{smcl}
help {hi:wyoung}
{hline}
{title:Title}

{p 4 4 2}{cmd:wyoung} {hline 2} Control the family-wise error rate when performing multiple hypothesis tests.


{title:Syntax}

{p 4 8 2}Syntax 1: multiple hypothesis testing {hline 2} one model with multiple outcomes

{p 8 14 2}{cmd:wyoung} {help varlist:varlist}, {cmd:cmd(}{it:model}{cmd:)} {cmd:familyp(}{help varlist:varlist}{cmd:)}
[{cmd:subgroup(}{help varname:varname}{cmd:)} {cmd:controls(}"{help varlist:varlist1}" ["{help varlist:varlist2}" ...]{cmd:)}
{cmdab:r:eps(}{it:#}{cmd:)} {cmd:seed(}{it:#}{cmd:)} 
{cmd:permute(}{help varlist:varlist}{cmd:)} {cmdab:permutep:rogram(}{it:pgmname [, options]}{cmd:)}
{cmd:strata(}{help varlist:varlist}{cmd:)} {cmd:cluster(}{help varlist:varlist}{cmd:)}
{cmd:force} {cmdab:single:step} {cmd:detail} {cmd:noresampling} {cmd:familypexp} {cmd:replace}]
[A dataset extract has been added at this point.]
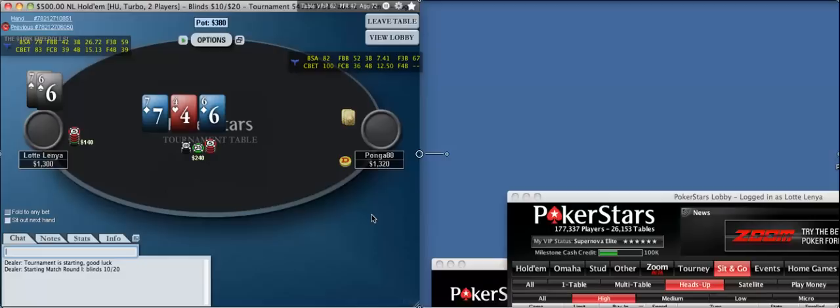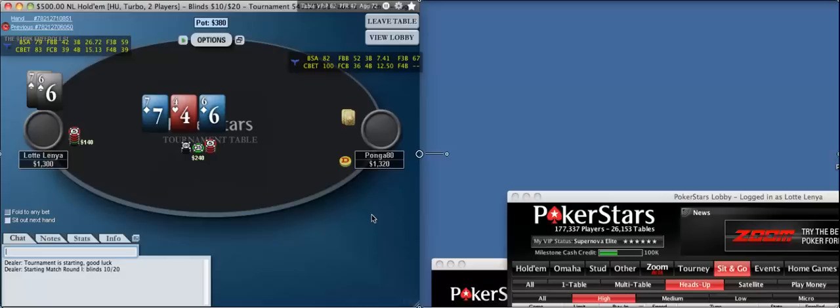I don't like checking here that much unless you have a read that your opponent is going to be stabbing at it every single time. And if you raise, he's going to put you on a draw and be stacking off like a 6 or something. The thing I don't like about checking is that he could take a free card, and there are kind of a lot of bad turns for us.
{p 4 8 2}Syntax 2: multiple hypothesis testing {hline 2} more general but lengthier syntax for specifying different models with multiple outcomes

{p 8 14 2}{cmd:wyoung}, {cmd:cmd("}{it:model1}{cmd:"} [{cmd:"}{it:model2}{cmd:"} ...]{cmd:)} {cmd:familyp("}{it:varname1}{cmd:"} [{cmd:"}{it:varname2}{cmd:"} ...]{cmd:)}
[{cmdab:r:eps(}{it:#}{cmd:)} {cmd:seed(}{it:#}{cmd:)} 
{cmd:permute(}{help varlist:varlist}{cmd:)} {cmdab:permutep:rogram(}{it:pgmname [, options]}{cmd:)}
{cmd:strata(}{help varlist:varlist}{cmd:)} {cmd:cluster(}{help varlist:varlist}{cmd:)} 
{cmd:force} {cmdab:single:step} {cmd:detail} {cmd:noresampling} {cmd:familypexp} {cmd:replace}]


{title:Options}

{p 4 8 2}
{cmd:cmd(}{cmd:)}, {cmd:familyp(}{cmd:)}, {cmd:subgroup(}{cmd:)}, {cmd:controls(}{cmd:)}

{p 8 8 2} Syntax 1: one model with multiple outcomes (see example 1 below)

{p 12 12 2}
{cmd:cmd(}{it:model}{cmd:)} specifies a single model with the multiple outcomes {help varlist:varlist}. The outcome (dependent) variable is indicated in {it:model} by "OUTCOMEVAR" (upper case).
{cmd:wyoung} will estimate multiple outcome specifications by substituting each variable from {help varlist:varlist} into "OUTCOMEVAR".

{p 12 12 2}
{cmd:familyp(}{help varlist:varlist}{cmd:)} instructs {cmd:wyoung} to calculate adjusted {it:p}-values for the null hypotheses that the coefficients of {it: varlist} are equal to 0.

{p 12 12 2}
{cmd:subgroup(}{help varname:varname}{cmd:)} specifies an integer variable identifying subgroups. 
If {cmd:subgroup()} is specified, {cmd:wyoung} will estimate models separately for each subgroup. 
By default, specifying {cmd:subgroup()} will cause {cmd:wyoung} to select bootstrap/permutation 
samples within each subgroup, unless you specify otherwise in {cmd:strata()}.
See example 4 below.

{p 12 12 2}
{cmd:controls(}"{help varlist:varlist1}" ["{help varlist:varlist2}" ...]{cmd:)} lets you specify different controls for each outcome.
The control variables are indicated in {it:model} by "CONTROLVARS" (upper case).
For the first outcome variable, {cmd:wyoung} will substitute {it:varlist1} into "CONTROLVARS", for the second outcome it will
substitute {it:varlist2}, and so on. See example 7 below.

{p 12 12 12}
{cmd:controlsinteract(}"{help varlist:varlist1}" ["{help varlist:varlist2}" ...]{cmd:)} is an alternative to {cmd:controls()} that 
estimates the model separately for all pairwise combinations of outcome variables and specified controls.
Each set of controls will be substituted into "CONTROLVARS" as specified in {it:model}.
Specifying {it:N} different sets of controls ({it:varlist1}, {it:varlist2}, ..., {it:varlistN}) will multiply 
the number of hypotheses being tested by {it:N}. See example 8 below.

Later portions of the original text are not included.